Um desses estabelecimentos chega a afirmar em sua comunicação que, caso optasse por exibir preços já com a margem, estaria praticando “especulação”. Além do erro conceitual no uso desse termo da economia, a afirmação acaba sendo uma ofensa a qualquer comerciante, honesto ou não. Será que, no entender dos gestores do estabelecimento que afirma isso, todos os comerciantes que exibem nas gôndolas o preço de venda completo, com margem, são especuladores?

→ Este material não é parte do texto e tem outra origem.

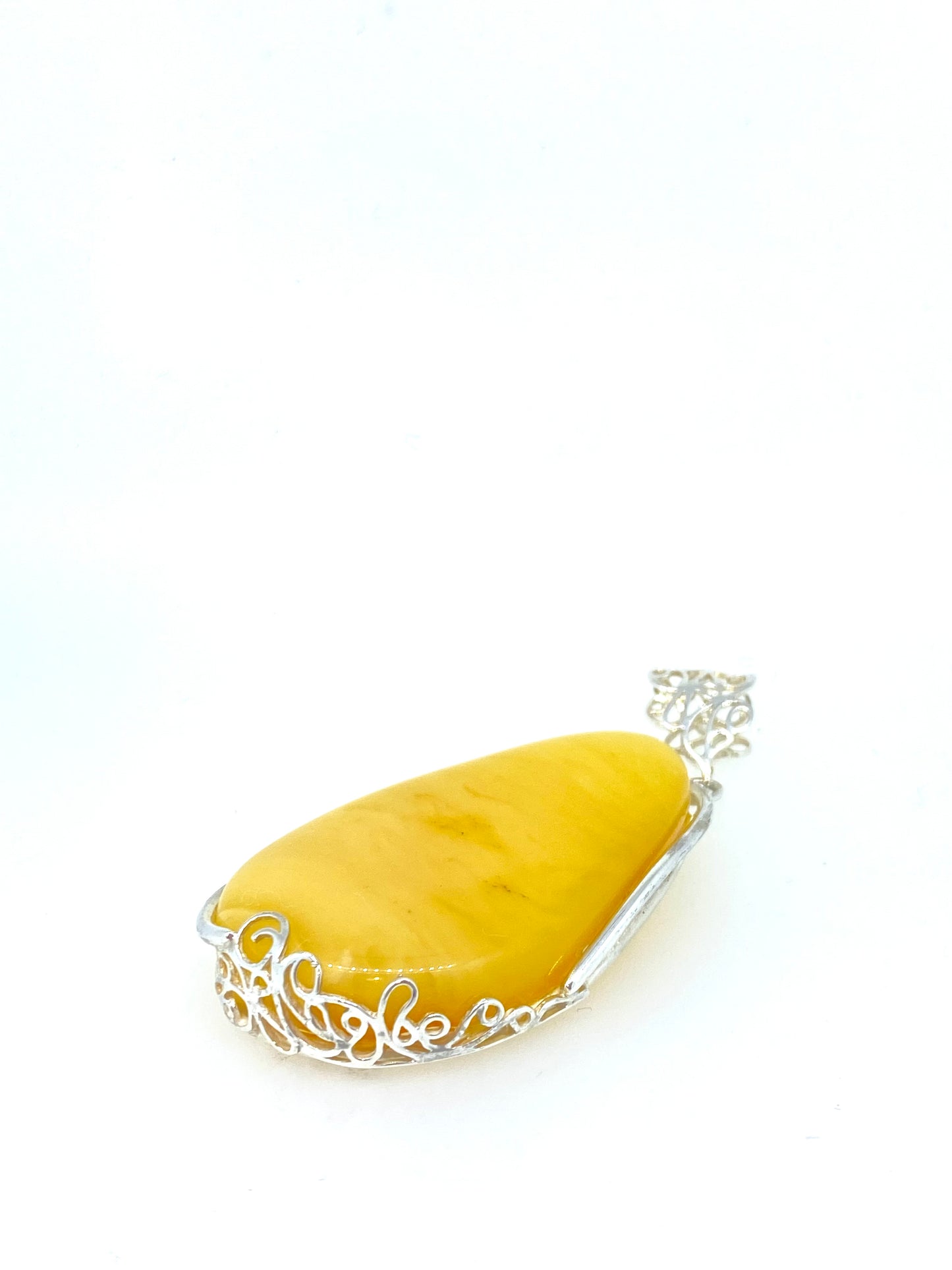 Large yellow Amber and fancy bezel Pendant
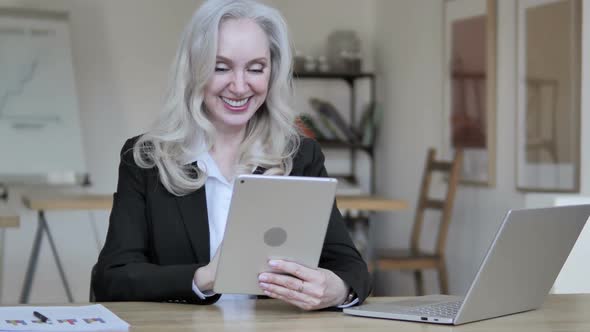 Online Video Chat By Senior Businesswoman on Tablet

O que indica se o comércio é justo ou injusto não o fato de exibir na gôndola o preço de custo ou o preço de venda, mas a margem praticada pelo estabelecimento. Se a margem de 35% adotada nesses mercados é mesmo justa, não há motivo para escondê-la. Na prática, esses estabelecimentos não abrem mão de sua margem, apenas contam uma história diferente sobre ela. O que eles fazem é retirar artificialmente dos preços um de seus componentes, fingindo estarem fora da cadeia produtiva, e reaparecem magicamente na hora de fechar a conta.
Eles costumam alegar que os 35% são apenas uma “sugestão”, e que com esse sistema o consumidor pode pagar um percentual abaixo disso, se quiser. Há, porém, diversos relatos de pessoas que escolheram pagar um percentual menor e receberam em troca uma cara bem feia, ou mesmo um pequeno sermão dirigido à sua consciência, questionando sua ética. É possível oferecer flexibilidade de preços, tornando os produtos mais acessíveis, sem distorcer as informações.

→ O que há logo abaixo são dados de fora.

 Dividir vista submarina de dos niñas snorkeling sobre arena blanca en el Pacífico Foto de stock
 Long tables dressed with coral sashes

Alimentos orgânicos são mais saudáveis do que aqueles produzidos com fertilizantes químicos e venenos contra pragas, e isso pode afetar seus preços. Alimentos produzidos em sítios próximos chegam à mesa mais frescos do que aqueles produzidos em latifúndios a centenas de quilômetros e que, por serem cultivados em larga escala, com agricultura intensiva, podem até ser mais baratos. Trata-se de sistemas produtivos diferentes, cada um com profundas implicações políticas, econômicas e sociais. É importante que as pessoas reflitam sobre o valor dos alimentos e façam suas escolhas conscientemente, conhecendo o preço real dos produtos. Ressignificar o trabalho do comerciante de forma a mascarar os preços dos alimentos acaba parecendo apenas mais uma estratégia de varejo.